Non che non si potrebbe trovare una soluzione accettabile per tutti, ma molto dipende dalle scuole stesse e dalla sensibilità dei dirigenti. Sta di fatto che su complessivi 450 istituti solo in 15 è possibile trovare menù vegetariani, che nel dubbio consentirebbero di risolvere anche la questione della carne di maiale e fa contenti anche quelli che la carne non la mangiano per scelta etica.
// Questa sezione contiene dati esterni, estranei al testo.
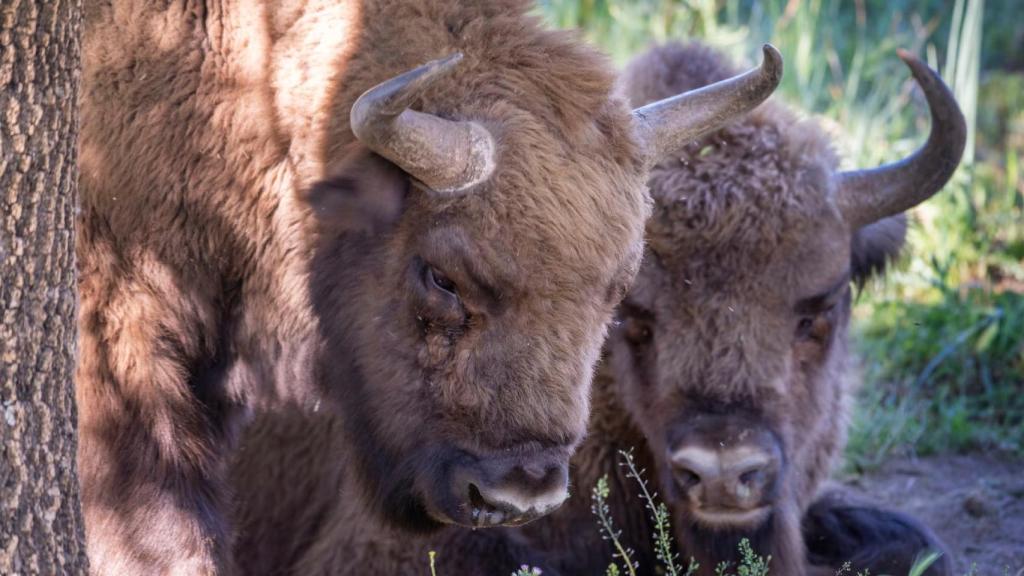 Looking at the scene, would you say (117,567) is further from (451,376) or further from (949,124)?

I presidi e gli operatori del settore ci tengono a precisare che la questione mensa non è certo in cima alla lista dei problemi a cui deve far fronte il settore dell’istruzione. Le priorità sarebbero altre. Bisogna correre ai ripari per trovare una soluzione all’endemica carenza di docenti e arginare la fuga degli insegnanti verso altre professioni meglio remunerate e considerate più prestigiose.

Come sempre, nel paese la scuola è uno dei temi centrali del dibattito nella società e come consuetudine si continua a parlare di riforme, pensando più alle nozioni da aggiungere nei programmi che a sviluppare un ambiente accogliente per i bambini.
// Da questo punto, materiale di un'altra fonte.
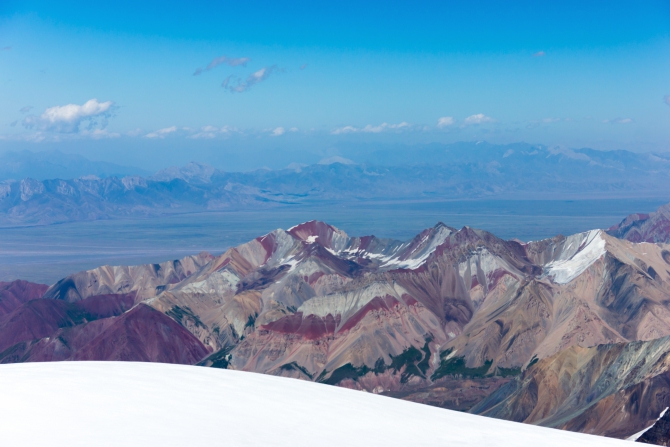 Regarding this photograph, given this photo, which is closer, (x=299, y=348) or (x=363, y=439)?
(x=363, y=439)

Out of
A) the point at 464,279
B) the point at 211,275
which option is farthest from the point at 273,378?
the point at 211,275

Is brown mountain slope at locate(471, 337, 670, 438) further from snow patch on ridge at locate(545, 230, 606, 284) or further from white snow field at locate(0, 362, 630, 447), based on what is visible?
snow patch on ridge at locate(545, 230, 606, 284)

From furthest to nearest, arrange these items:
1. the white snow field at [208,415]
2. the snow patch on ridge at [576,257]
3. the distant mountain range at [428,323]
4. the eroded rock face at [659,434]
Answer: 1. the snow patch on ridge at [576,257]
2. the distant mountain range at [428,323]
3. the eroded rock face at [659,434]
4. the white snow field at [208,415]

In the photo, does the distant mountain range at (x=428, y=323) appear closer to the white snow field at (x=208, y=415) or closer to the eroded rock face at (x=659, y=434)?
the eroded rock face at (x=659, y=434)

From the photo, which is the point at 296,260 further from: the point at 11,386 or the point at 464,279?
the point at 11,386

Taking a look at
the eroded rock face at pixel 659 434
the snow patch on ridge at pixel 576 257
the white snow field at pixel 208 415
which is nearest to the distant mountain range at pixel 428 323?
the snow patch on ridge at pixel 576 257

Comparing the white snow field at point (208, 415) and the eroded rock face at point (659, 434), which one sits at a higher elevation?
the white snow field at point (208, 415)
In Slovenia continuano ad arrivare lavoratori dalla Bosnia, dal Kosovo e dalla Macedonia del Nord e adesso anche da altre aree a maggioranza musulmana. Nella repubblica vive oramai una fetta consistente di cittadini sloveni di fede islamica.

Secondo le stime i musulmani sarebbero circa 80mila e rappresentano circa il 2,5% della popolazione. Alcuni non hanno più quasi alcun legame con il paese d’origine dei loro nonni o dei loro bisnonni. Tanti si sono fatti strada in società aprendo aziende edili ed esercizi commerciali di vario tipo.
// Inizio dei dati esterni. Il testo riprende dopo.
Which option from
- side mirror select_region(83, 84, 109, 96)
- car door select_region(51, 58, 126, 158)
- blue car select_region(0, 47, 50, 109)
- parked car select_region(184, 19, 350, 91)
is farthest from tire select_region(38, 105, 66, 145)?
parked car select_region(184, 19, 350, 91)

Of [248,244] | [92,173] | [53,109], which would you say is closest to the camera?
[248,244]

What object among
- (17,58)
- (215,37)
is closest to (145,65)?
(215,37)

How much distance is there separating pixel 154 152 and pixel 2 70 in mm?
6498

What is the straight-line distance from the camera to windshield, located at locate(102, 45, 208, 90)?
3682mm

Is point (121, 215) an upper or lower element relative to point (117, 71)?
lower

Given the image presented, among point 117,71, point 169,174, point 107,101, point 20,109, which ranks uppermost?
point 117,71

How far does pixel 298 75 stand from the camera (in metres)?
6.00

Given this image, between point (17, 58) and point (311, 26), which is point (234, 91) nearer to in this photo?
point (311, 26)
A Lubiana dopo molte vicissitudini è stata costruita un’elegante moschea con annesso un dinamico centro islamico, inaugurato nel 2020. Una lunga odissea, iniziata nel 1969, quando vennero inoltrate le prime richieste ufficiali, che si scontrarono subito contro mille cavilli burocratici, l’opposizione dei nazionalisti ed anche con i rimbrotti dei cattolici.

Proprio intorno al centro sta sempre più emergendo anche una classe intellettuale di sloveni di fede islamica, che fanno sentire la loro voce e che chiedono vengano rispettati i loro diritti e che ci sia comprensione per le loro tradizioni.

Patrioti nazionalisti poco inclini ad ammettere che ci possano essere sloveni non cristiani e anticlericali altrettanto poco inclini a confrontarsi con richieste che abbiano a che fare con la religione sembrano andare a braccetto.

Il dibattito sulle mense scolastiche è la cartina al tornasole di quanta fatica faccia il paese a confrontarsi con la diversità ed anche ad accettare che il paese è molto più multietnico, multireligioso e multiculturale di quanto si vorrebbe ammettere. Il maiale per ora resta nel piatto per tutti, così come il fastidio che le minoranze possano far sentire la loro voce.

Alla fine, quello che manca è un vero e proprio progetto culturale: nelle scuole, ma più in generale nella società.